Transcribe only part of the material below: the lines from the one containing "Amazing home in Hundested with WiFi" through the one containing "سوزن خیاطی رویال مدل R510 دو بسته 20 عددی", inclusive, exactly as written.

= = = = =

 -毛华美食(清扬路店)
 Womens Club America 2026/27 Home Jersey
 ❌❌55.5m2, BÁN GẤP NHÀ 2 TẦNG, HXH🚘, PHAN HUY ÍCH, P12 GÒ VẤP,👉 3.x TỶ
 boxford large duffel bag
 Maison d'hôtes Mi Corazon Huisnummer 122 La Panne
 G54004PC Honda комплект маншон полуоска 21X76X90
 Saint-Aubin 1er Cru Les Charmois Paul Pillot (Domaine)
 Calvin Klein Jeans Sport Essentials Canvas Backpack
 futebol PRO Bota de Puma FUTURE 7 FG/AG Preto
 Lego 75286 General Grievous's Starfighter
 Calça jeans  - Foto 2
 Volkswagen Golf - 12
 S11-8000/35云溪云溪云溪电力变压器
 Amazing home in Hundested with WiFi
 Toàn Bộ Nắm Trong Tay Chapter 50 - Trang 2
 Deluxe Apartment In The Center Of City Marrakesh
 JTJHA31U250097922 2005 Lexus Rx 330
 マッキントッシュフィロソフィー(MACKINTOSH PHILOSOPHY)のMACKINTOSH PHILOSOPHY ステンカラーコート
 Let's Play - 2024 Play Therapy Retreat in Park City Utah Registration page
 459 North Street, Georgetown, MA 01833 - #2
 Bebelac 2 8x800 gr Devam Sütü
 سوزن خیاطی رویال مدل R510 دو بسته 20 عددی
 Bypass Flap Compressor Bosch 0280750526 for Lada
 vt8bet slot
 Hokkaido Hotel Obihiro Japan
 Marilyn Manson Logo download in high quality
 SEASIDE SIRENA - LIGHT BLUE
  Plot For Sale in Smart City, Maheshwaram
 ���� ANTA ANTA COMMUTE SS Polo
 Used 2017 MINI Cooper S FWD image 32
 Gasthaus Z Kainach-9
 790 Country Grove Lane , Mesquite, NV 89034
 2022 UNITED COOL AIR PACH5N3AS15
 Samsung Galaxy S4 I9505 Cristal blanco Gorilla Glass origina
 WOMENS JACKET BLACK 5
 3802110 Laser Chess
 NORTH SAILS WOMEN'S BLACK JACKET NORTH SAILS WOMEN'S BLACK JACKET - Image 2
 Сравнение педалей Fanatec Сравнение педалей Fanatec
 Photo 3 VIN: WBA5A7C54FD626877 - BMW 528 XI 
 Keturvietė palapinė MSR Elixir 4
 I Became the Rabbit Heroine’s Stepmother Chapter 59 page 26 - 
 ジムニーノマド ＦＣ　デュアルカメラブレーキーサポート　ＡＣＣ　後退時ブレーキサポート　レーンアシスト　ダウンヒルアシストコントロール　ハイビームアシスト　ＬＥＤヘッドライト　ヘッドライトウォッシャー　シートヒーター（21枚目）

= = = = =

Answer space:
 Amazing home in Hundested with WiFi
 Toàn Bộ Nắm Trong Tay Chapter 50 - Trang 2
 Deluxe Apartment In The Center Of City Marrakesh
 JTJHA31U250097922 2005 Lexus Rx 330
 マッキントッシュフィロソフィー(MACKINTOSH PHILOSOPHY)のMACKINTOSH PHILOSOPHY ステンカラーコート
 Let's Play - 2024 Play Therapy Retreat in Park City Utah Registration page
 459 North Street, Georgetown, MA 01833 - #2
 Bebelac 2 8x800 gr Devam Sütü
 سوزن خیاطی رویال مدل R510 دو بسته 20 عددی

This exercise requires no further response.